いかがだろうか?背景ノイズ含め大差ないように思える。重要なのは先述した通り、カメラ側のMIC入力レベルを最低で固定しておく部分だ。その上でボリューム調整は基本CA-XLR2d-AN側で行う。
またリミッターの効き具合も比較してみた。マイクに少しい近づいて、数回叫んでみたり、手を叩いてみて検証した。初回にDMW-XLR1の「ALC」、CA-XLR2d-ANの「LIMITER」を共にONにして聴き比べてみたが、DMW-XLR1に比べCA-XLR2d-ANはリミッターの範囲を超えてしまっている雰囲気があった。
おそらくCA-XLR2d-AN「LIMITER」はレベルをAUTOにした場合に効果をより体感できるのかもしれない。そこで、CA-XLR2d-AN側の「LIMITER」をOFFに戻し、GH6メニュー内の「録音レベルリミッター」をONにして再度試したら、かなり強めのリミッターが効き、両者ともほぼ同じ波形を描いた。CA-XLR2d-ANの場合、マニュアル時に大きくリミッターを効かせたい時はGH6側で効かせるほうが良いかもしれない。

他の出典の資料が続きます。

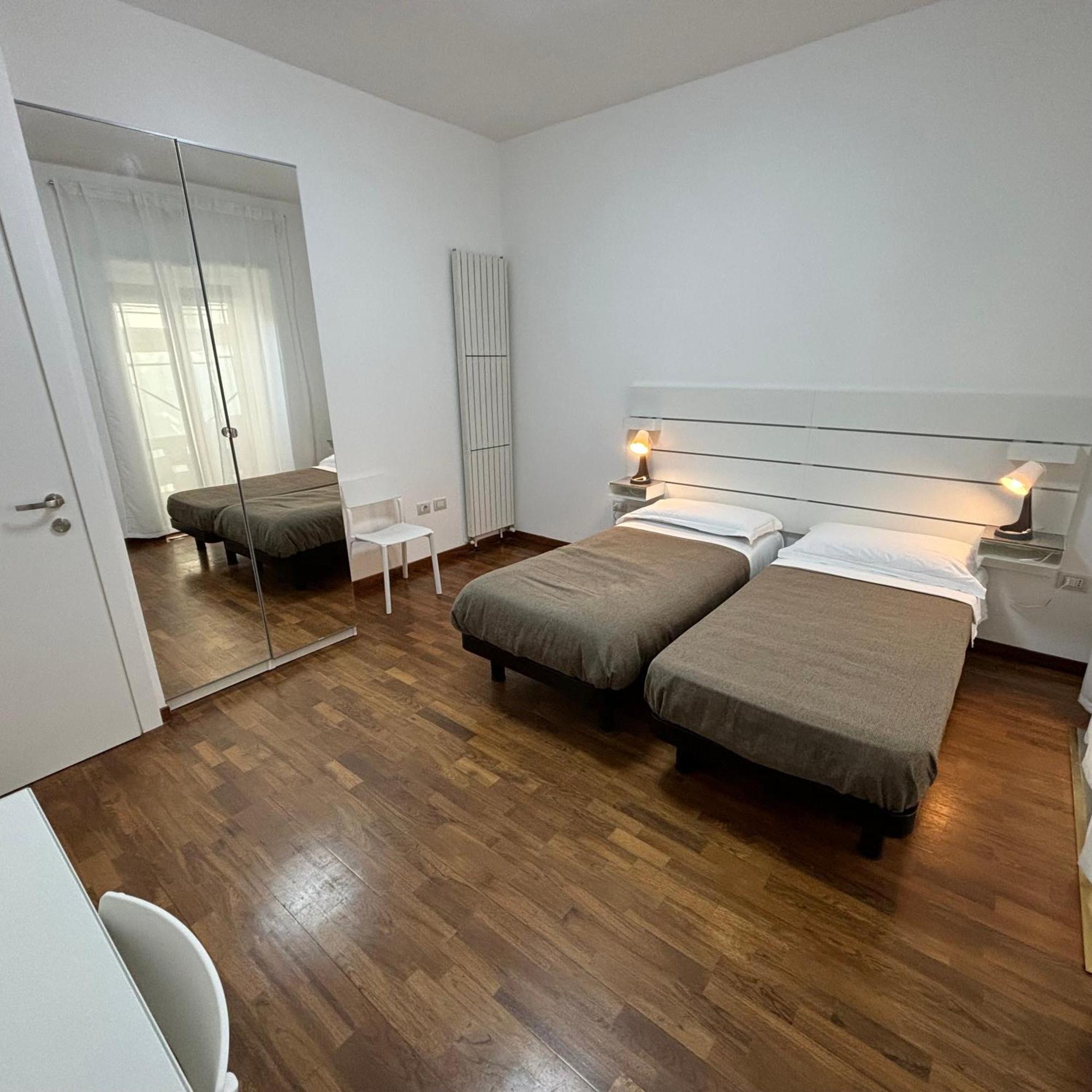 Room & Parking In Centro Citta Con Parcheggio Privato E Wifi Potenza Eksteriør billede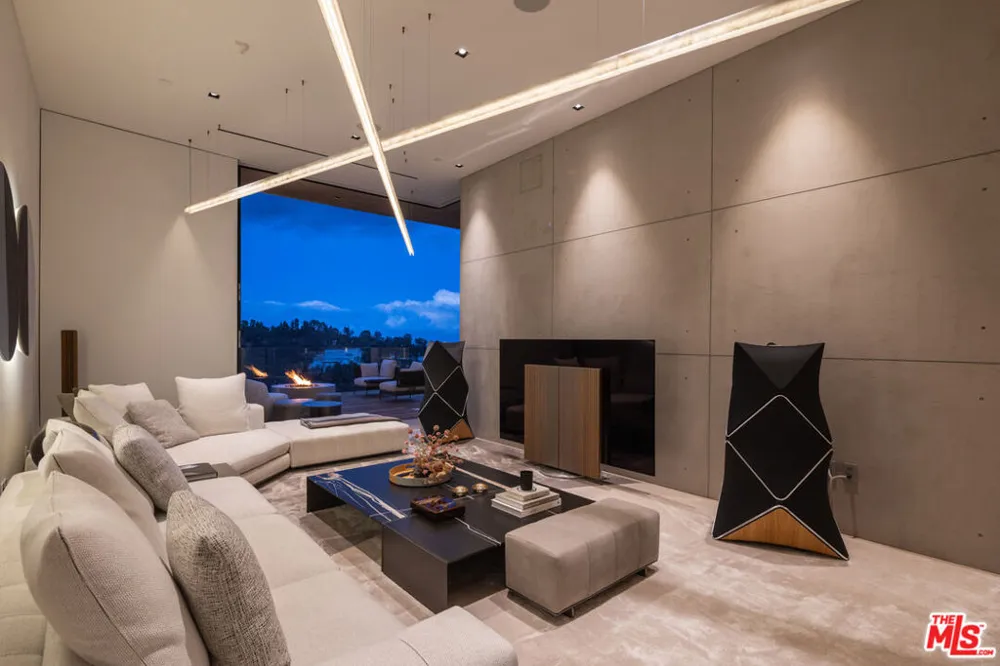 10733 Stradella Court Los Angeles, CA 90077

補足までだが、各機器のリミッターの効き具合はユーザーが変更できないので、現場レベルでそれぞれチョイスする必要があるだろう。もっとも自分の場合は概ね音声スタッフから受けた音を収録することが多いので、リミッターをONにするとしたら、保険でガンマイク等を付けてレベルオートにした時くらいだ。
DMW-XLR1とCA-XLR2d-AN同時使用で、XLR4ch入力が可能に
LUMIX GH6や最近発売されたS5II(X)は、DMW-XLR1を装着すると4ch収録が可能になるが、3ch/4chにいたってはカメラ内蔵マイクかミニプラグ入力となる。そこで、CA-XLR2d-ANをカメラのMIC入力に接続することで、4chともにXLR受けができる。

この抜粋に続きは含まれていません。